_PROBLEM TO SOLVE_
Leave out the pictures and retype, exactly, the lines below from the line with "Womens Yoga Pants" up to and including the line with "0.36 Inch 4", nothing more.

_RECORD EXCERPTS_
-- Opening Marker --
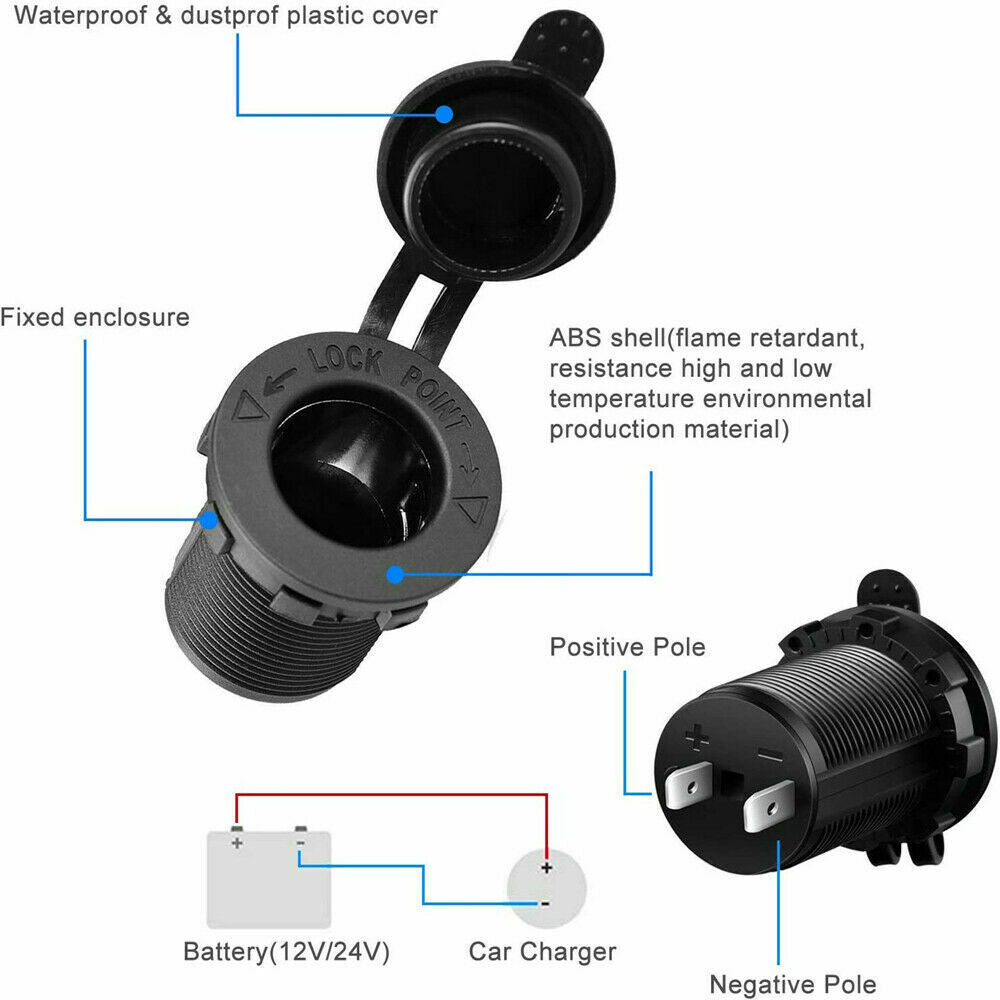 A Water Proof Socket LED 12V Dual USB Car Electronic Car Charger Adapter Cigarette Lighter Socket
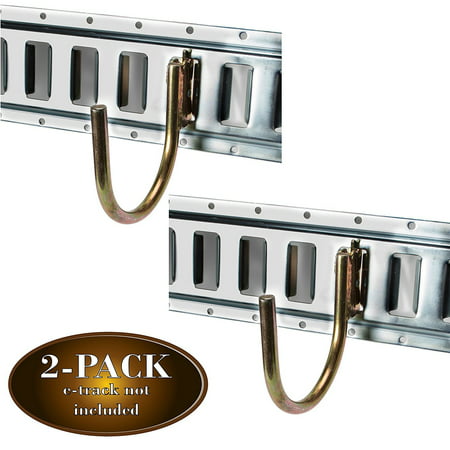 2 J Hooks for E Track Systems, Large Steel JHook TieDown Accessories for Cargo Tie Down Systems in Trucks, Trailers, Vans, with E-track Spring Fitting Attachments, by DC Cargo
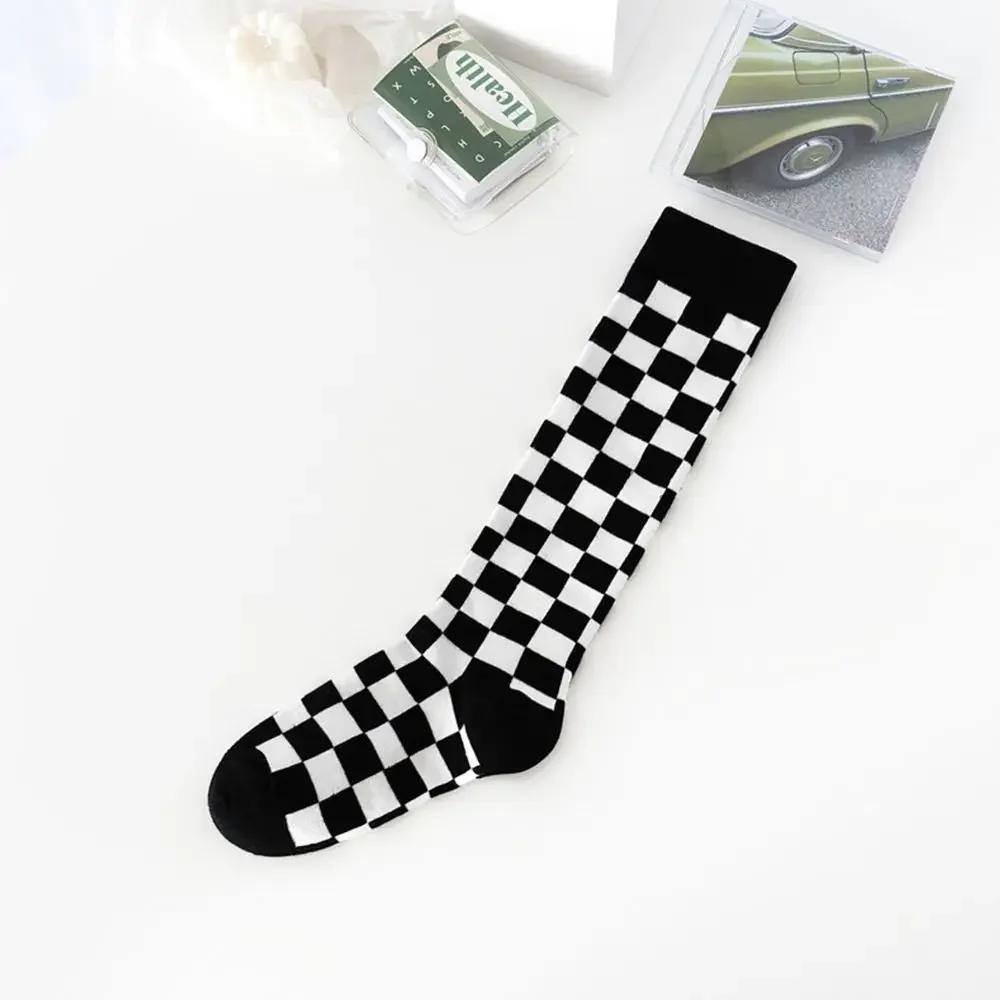 Women Plaid Socks Unique Personality Cool Street Style Plaid Harajuku Korean Style Socks Stockings Women Hosiery Cotton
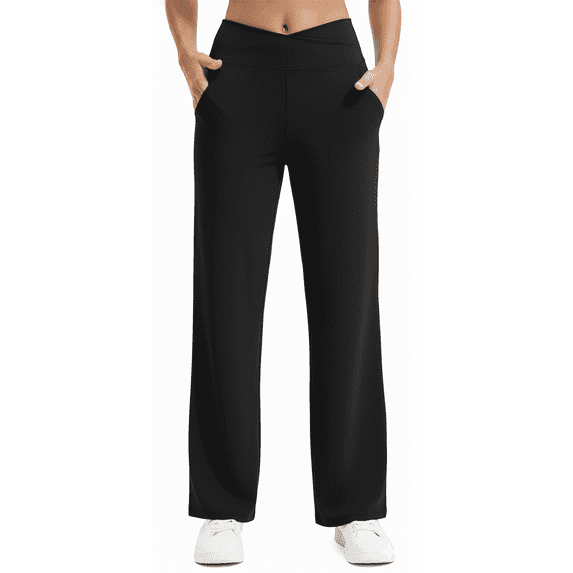 Womens Yoga Pants Wide Leg Pants Work Lounge Pants Crossover High Waisted Loose Casual with Pockets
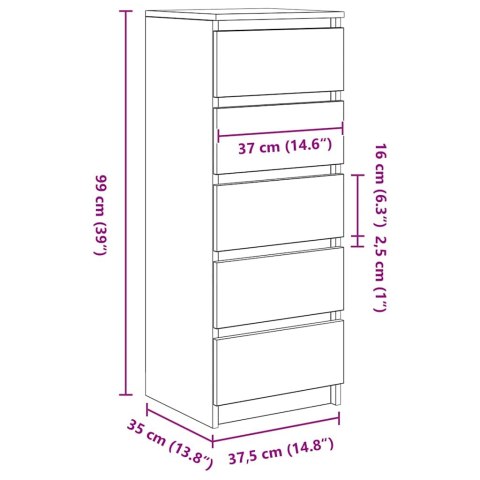  Komoda z szufladami Artisan Oak 37,5x35x99 cm Drewno klejone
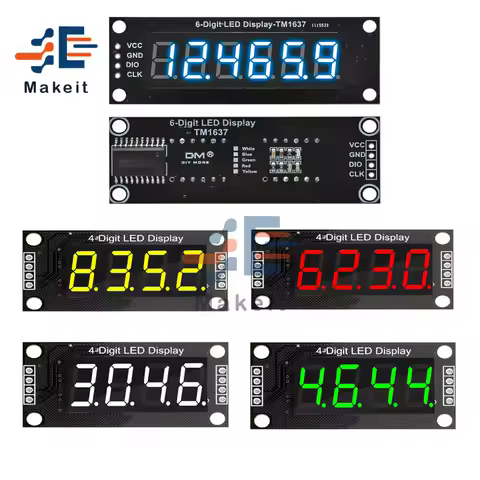 0.36 Inch 4 Bits 6-Digit LED Digital Display Tube Module 5V 7 Segments TM1637 0.36" Anode Tube Decim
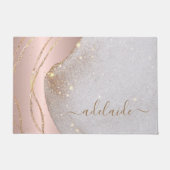 Rose Gold Glitzer Monogram Script Name Begrüßung Fußmatte (Vorderseite)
-- Closing Marker --
_FINISHED EXERCISE_
 Womens Yoga Pants Wide Leg Pants Work Lounge Pants Crossover High Waisted Loose Casual with Pockets
  Komoda z szufladami Artisan Oak 37,5x35x99 cm Drewno klejone
 0.36 Inch 4 Bits 6-Digit LED Digital Display Tube Module 5V 7 Segments TM1637 0.36" Anode Tube Decim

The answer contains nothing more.